Month-over-Month Trends
Is your financial health improving or getting worse?
Trends shows up to 12 months of data side by side — income, expenses, and net for each month.
What you see
For each month in the range:
| Column | What it shows |
|---|---|
| Month | e.g. January 2025 |
| Income | Total money in |
| Expenses | Total money out |
| Net | Income minus expenses |
How to read it
Look at the Net column first. A row of positive net months means you've been consistently saving. A row of negative months means you've been consistently overspending — even if each month felt okay individually.
Look for the direction of expenses. If expenses are slowly climbing month over month while income stays flat, your savings rate is shrinking. Catching this early is exactly what Trends is for.
Look for anomalies. One month with a huge expense spike might be a one-time thing (travel, a big purchase). But if it repeats, it's a pattern.
Example
| Month | Income | Expenses | Net |
|---|---|---|---|
| Jan 2025 | Rp 8,000,000 | Rp 6,200,000 | +Rp 1,800,000 |
| Feb 2025 | Rp 8,000,000 | Rp 6,800,000 | +Rp 1,200,000 |
| Mar 2025 | Rp 8,000,000 | Rp 7,400,000 | +Rp 600,000 |
| Apr 2025 | Rp 8,000,000 | Rp 8,100,000 | −Rp 100,000 |
Expenses grew Rp 400,000–600,000 each month.

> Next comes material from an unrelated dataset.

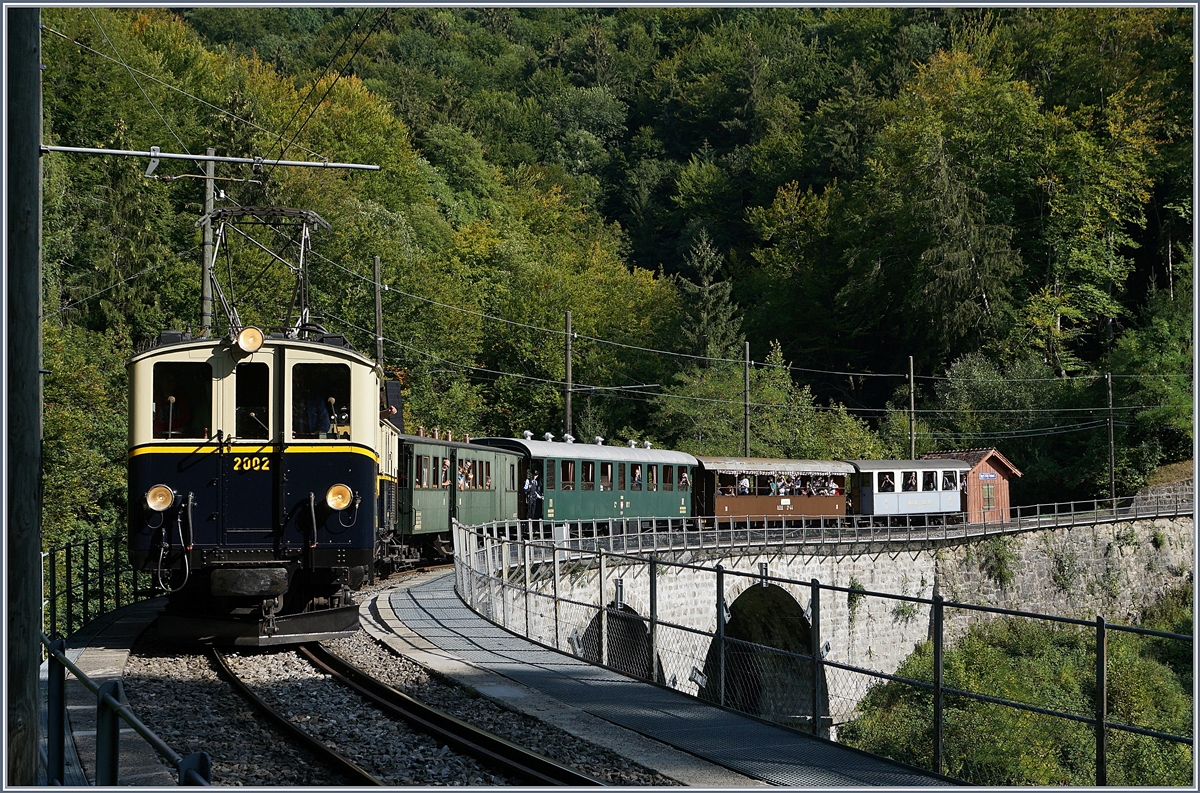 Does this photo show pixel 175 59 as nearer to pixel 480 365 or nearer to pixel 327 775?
pixel 480 365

By April you're in the red. Without Trends, this might have felt like a normal month — you were spending only a little more than usual. With Trends, the pattern is obvious.
Months with no transactions
Months where you didn't record any transactions appear as zeros rather than being skipped. This keeps charts consistent and makes gaps visible — an empty month is a signal that you may have missed recording something.
Pair with By-Category
Once Trends shows you which month went wrong, use By Category filtered to that month to find out exactly what category drove the change.